We then compared the performance of the pipeline with or without the markduplicate step, using Korean WGS data sequenced using the PCR-free library (Fig. 6). Comparing the match rate of the genotypes from the microarray chip and WGS VCF data confirmed that there were no significant differences based on whether markduplicate process was performed. These results agreed with those obtained using NA12878 (Supplementary Figure S4).

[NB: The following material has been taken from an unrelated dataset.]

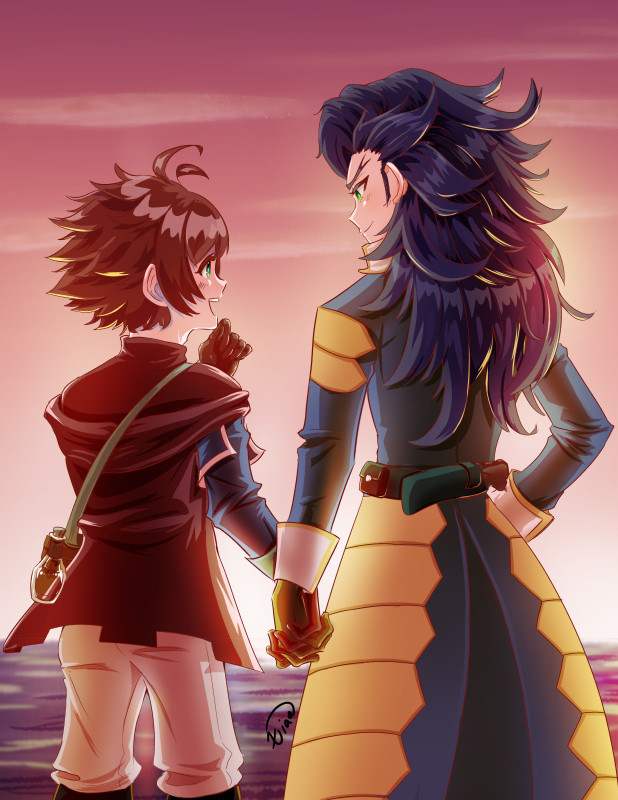 Janne and Yew holding hands at a sunset.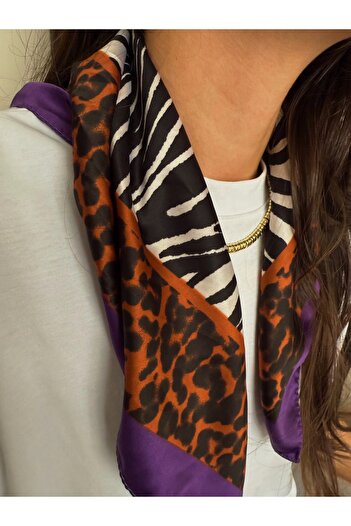 Junsui Accessories Purple Zebra Scarf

Best pipeline for MHC region analysis
We confirmed that using Novoalign as an alignment tool calls more variants than when BWA-mem is used. Based on the number of variants that appear in each pipeline alone, we found that when using standard references, the Novoalign + GATK4 pipeline calls far greater number of variants than other pipelines (Fig. 7A). When we identified the distribution of variants that appeared only in this pipeline, we confirmed that among the 2014 variants, 1568 variants originated from chromosome 6 (Fig. 7B). Among these, 1564 variants were found in the major histocompatibility complex (MHC) region (28,477,797–33,448,354, hg19) (Fig. 7C). This MHC region demonstrated a 99.87% match to the microarray chip and WGS genotypes (mismatches were detected only in two out of 1564 variants). The results were similar for the other two Korean subjects and for Korean subject1. Similarly, when the Novoalign + GATK4 pipeline was used, a large number of variants was detected (Supplementary Table S3); approximately 80% of the detected variants were in chromosome 6, and the majority belonged to the MHC region (Supplementary Figure S5). Additionally, the concordance ratio with the chip data was 99.83% and 99.94%, respectively, for Korean subject2 and subject3. Therefore, to analyze variants in the MHC region, we recommend using the Novoalign-GATK4 pipeline.